Prepping Fifth-Generation Fighters for Tomorrow’s Conflict
As technology continues to evolve, companies are innovating to meet the future demands of militaries. This is particularly true in the air domain. According to Popular Mechanics1, the leading fifth-generation stealth fighter costs approximately $44,000 per hour per aircraft to fly, making this an expensive red-air training option for militaries. In addition, training exercises cannot replicate the complexity of the battlefield environment with enough fidelity to provide for a high-quality learning experience for trainees, or an effective test ground for sophisticated onboard systems. With advanced equipment and weaponry that require an increasing amount of training aircraft and accessories, militaries are turning to companies like Textron Systems for new ways to prepare for conflict.
Through interactive, multi-spectral advanced environment creation, Textron Systems has harnessed the ability to refabricate the future in the laboratory. Using high-fidelity environment simulators, a massive repertoire of experiences can be provided to advanced fifth-generation fighters. Since the technology housed in these fighter aircraft lack inherent intuition, the experiences administered during training give the technology the maturity it needs to succeed in the multi-domain battlespace.
“It is no longer a conventional fight – it is often a fight people can’t see,” stated Steve Mensh, Senior Vice President, Electronic Systems.
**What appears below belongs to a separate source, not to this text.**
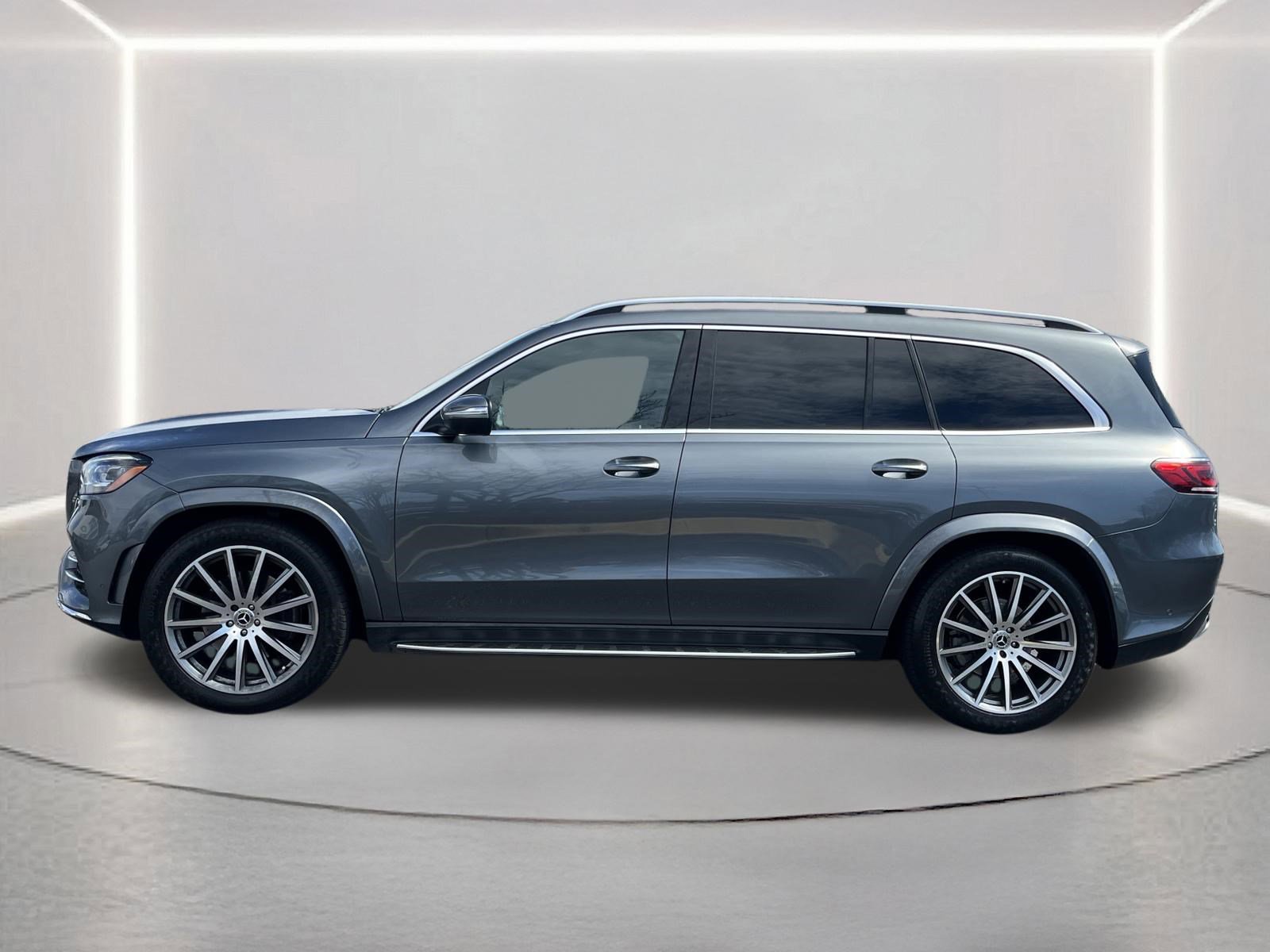 Used 2021 Mercedes-Benz GLS 580 4MATIC image 24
To best tackle the obstacles that plague traditional methods of conflict preparation, test and training have moved off the range and into the lab.
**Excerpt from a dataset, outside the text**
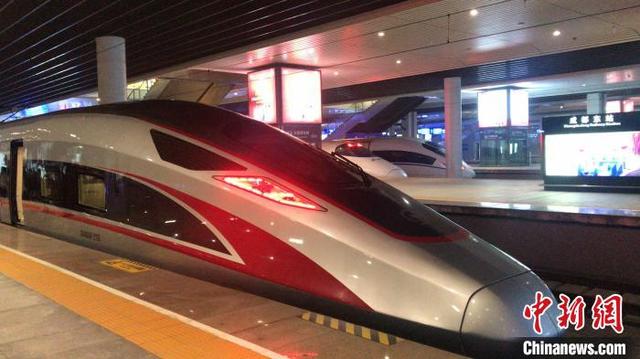 成渝高铁提速至62分钟,重庆成都实现高铁公交化运营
Fifth-generation fighters are really the first to account for the saturated electromagnetic spectrum environment with advanced communications, navigation and electronic warfare systems onboard. To fully meet the challenges of the battlefield environment, these systems must be trained to leverage the spectrum defensively and offensively. Electromagnetic Environment simulators (EMS) are ideally suited to allow the customer to prepare its systems and people for future use.
To accomplish this, the asset’s computer must be taught the correct responses – but at the speed of machine learning. With their enhanced capabilities come the ability to quickly recognize a change in environment and react to it, shifting to an alternate setting in a fraction of a second. To provide this service, complex programming and software skills are required. The team at Textron Systems is one of few able to successfully create and implement a high-fidelity interactive simulated battlefield environment able to unleash the aircraft’s full capability.
After years of dedicated research and development, Textron Systems is redefining machine learning through an innovative solution. “We imagined what the requirements would be and then created a product to deliver those requirements,” stated Byron Green, Vice President, Global Sales & Strategy.
Using its Advanced Architecture Phase Amplitude and Time Simulator (A2PATS®), Textron Systems can help customers program the computer and software housed in advanced fighters to elicit the correct responses for the wide variety of scenarios it could encounter. These scenario-based sequences allow the computer to learn more, as each individual scenario is rehearsed within the A2PATS environment. These singular experiences become a robust repertoire of responses that continues to grow with each new sequence. “With this training, the computer will be able to evaluate its past experiences to determine the best outcome based on what it has learned,” said Green.
These complex and comprehensive simulated training scenarios yield aircraft and pilots who have experienced the rigors of warfare in a spectrum-challenged environment, without having to leave the runway.
As militaries around the world continue to prepare for the continuously evolving multi-domain battlespace, the capabilities provided by Textron Systems’ A2PATS technology gives customers the chance to prepare their equipment and people for the next fight. Success will require technology that’s capable of fighting a continuous barrage of attempted exploitations, as well as able to harness the electromagnetic spectrum as an offensive tool. Combining these strengths with multi-spectral proficiency and coordinated teaming with multiple aircraft will only increase the customer’s effectiveness. The continued development and learning will ensure these challenges are met and defeated.